Hay una relación directa entre soberanía y violencia. El Estado moderno se define, y en ello hay coincidencias, por monopolizar la violencia, que se pretende legítima, sobre un territorio y una población determinada. Se habla entonces de un Estado soberano, por cuanto no acata poder externo dentro de sus delimitaciones territoriales. El monopolio de la violencia, en un Estado democrático moderno, se supone delimitado por un cuerpo legal por todos conocido y respetado. El respeto, siempre en el ámbito de los supuestos, emanaría de la participación popular en la definición de ese cuerpo legal. El poder constituyente, esto es, una forma vital de ejercicio de la soberanía popular o soberanía social, se encargaría de establecer democráticamente el marco legal y, tan importante como eso, se traduciría en que la soberanía del Estado sería la expresión jurídica de la soberanía popular.
En el caso de Aysén lo antes expresado no alcanza, siquiera, a ser una ficción jurídica. Es una farsa.

De lo que actualmente conocemos como Chile, Aysén fue el último territorio colonizado. Fueron hacheros y pescadores chilotes, como en Llanquihue, quienes primero se establecieron en esas tierras. Tehuelches y Yaganes habían penetrado escasamente la pequeña franja entre la cordillera y los canales, y no fue si no a principios del siglo XX que el Estado tomó posesión efectiva del territorio. Hasta entonces, cuando se fundó la propiedad, el territorio y las gentes que lo habitaban vivían sin Estado. La soberanía sobre el territorio, y sus habitantes, se definió entre Santiago y Buenos Aires, Londres mediante. La soberanía popular, o social, sólo fue considerada asunto de Estado a inicios de la década de 1930. Esto es, a su población no se le reconocieron derechos civiles ni políticos hasta entonces.
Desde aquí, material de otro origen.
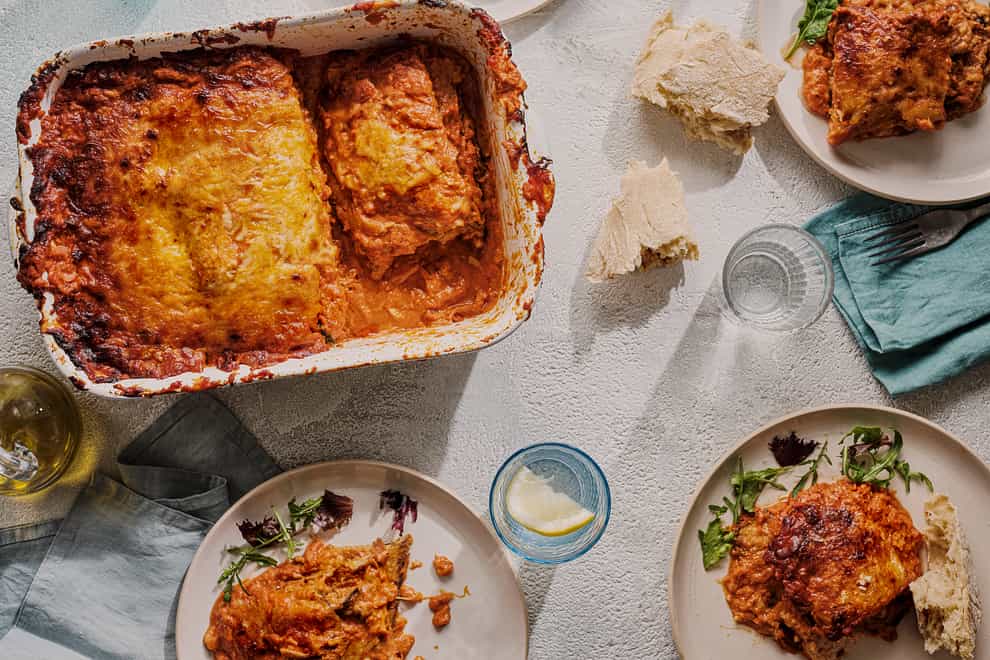 Aubergine parmigiana from Gino’s Italian Family Adventure: Easy Recipes the Whole Family will Love by Gino D’Acampo, published by Bloomsbury (Haarala Hamilton/PA)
Las concesiones de miles de hectáreas que, mediante acuerdos corruptos, obtuvieron del Poder Ejecutivo especuladores como Tornero, Moritz Braun y Julio Vicuña, no alcanzaron la magnitud que les permitió la rentabilidad de la explotación ovina en los territorios argentinos de Chubut y Santa Cruz, el chileno de Magallanes y la provincia de Chiloé. Sin embargo, un paso atrás del latifundio comenzó a instalarse el Estado. Sin caminos, sin postas, sin escuelas, sin correos, sin puertos, con carabineros.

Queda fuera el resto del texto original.